Some of Britain's biggest banks have begun contacting customers in European Union countries, warning them that their accounts will be closed down within weeks because the cost and complexity of operating without a continuation of pan-European banking rules is too much.

Brits in EU risk losing UK bank accounts 'within weeks'
Lloyds Bank expects to close at least 13,000 accounts.
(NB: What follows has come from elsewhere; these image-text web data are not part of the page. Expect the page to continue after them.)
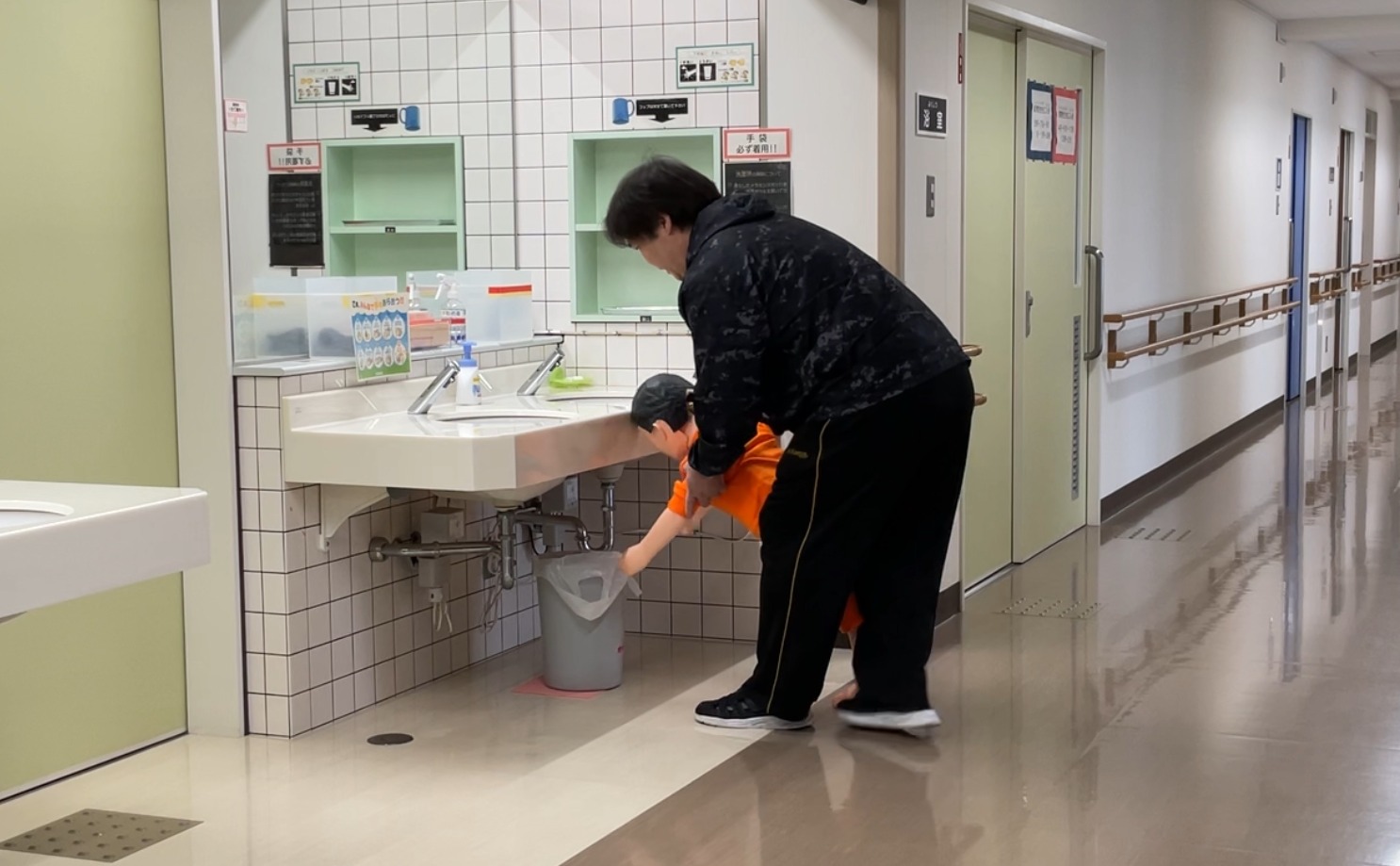 舎生（人形）が洗面所に頭を強打しています。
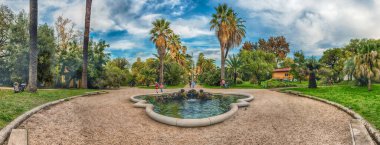 ROME - NOVEMBER 21, 2021: Scenic fountain inside the historical Botanical Garden of Rome, Italy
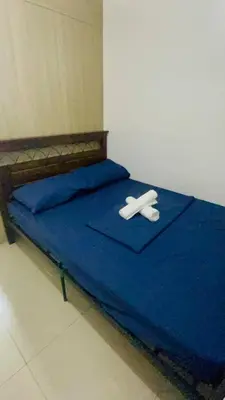 a bed with two white napkins on top of it at Shore Residences Tower D in Manila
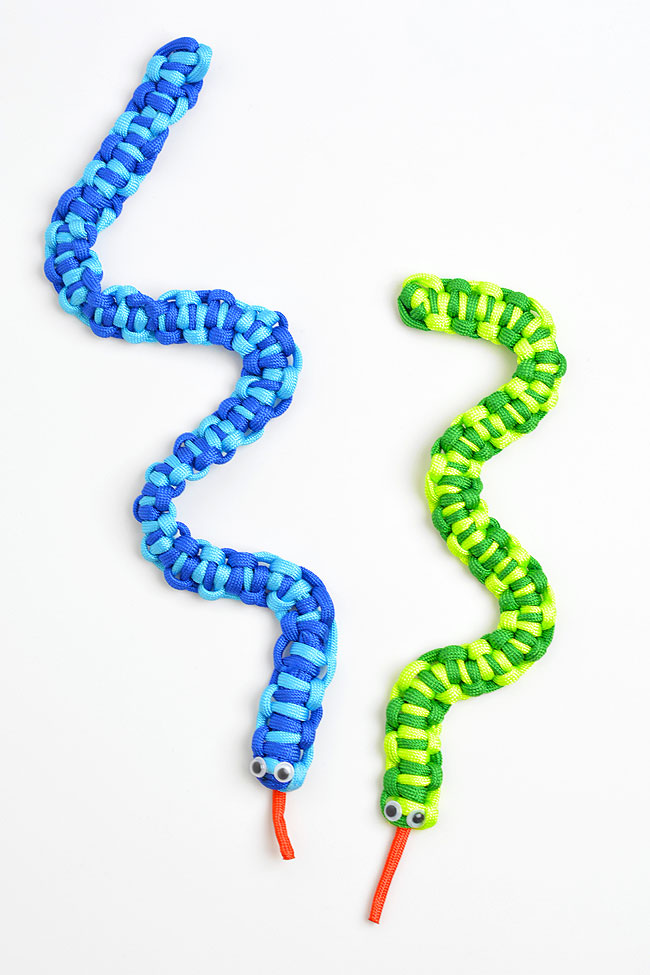 Green and blue toy snakes made from paracord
Photo: Lloyds Bank
According to a report in The Times, thousands of Britons who live in Europe face being stripped of their UK bank accounts and credit cards, because of the UK government's failure to agree rules for operating after Brexit. 
Each of the EU's 27 member states has different rules for cross-border bank accounts which will start to apply immediately the UK's transition period ends on 31st December 2020. 
“In some cases, continuing to serve customers would be incredibly complex, extremely expensive and very time-consuming, and simply would not make economic sense,” a source at one British bank told the newspaper. “This is passporting — this is the reality of Brexit.”
If a way is not found to continue pan-European banking rules, or passporting, UK banks will br breaking the law if they don't apply for new banking licenses in each European Union Country. 
Lloyds, Britain’s biggest banking group, began writing to customers in August, warning them that their bank accounts would  close down on December 31.
The bank estimates that 13,000 customers, including those based in Holland, Slovakia, Germany, Ireland, Italy and Portugal, would lose their accounts. 
“If customers have regular deposits into, or payments out of, their account, they will need to make other arrangements before their account is closed,” the bank said. 
Barclays and Coutts have also started contacting customers. 
“In light of the UK leaving the EU at the end of 2020, we continue to review the services we offer to customers within the European Economic Area (EEA), and any impacted customers will be contacted directly,” Barclays said in a statement. “The timings for account closure will depend on the type of product that a customer holds, but we will always give notice to customers.”
“In the event that no alternative to the European Economic Area passporting regime for financial services is agreed between the UK and EU, we have taken the difficult decision to withdraw from offering our services to clients who reside in the EEA,” Coutts said.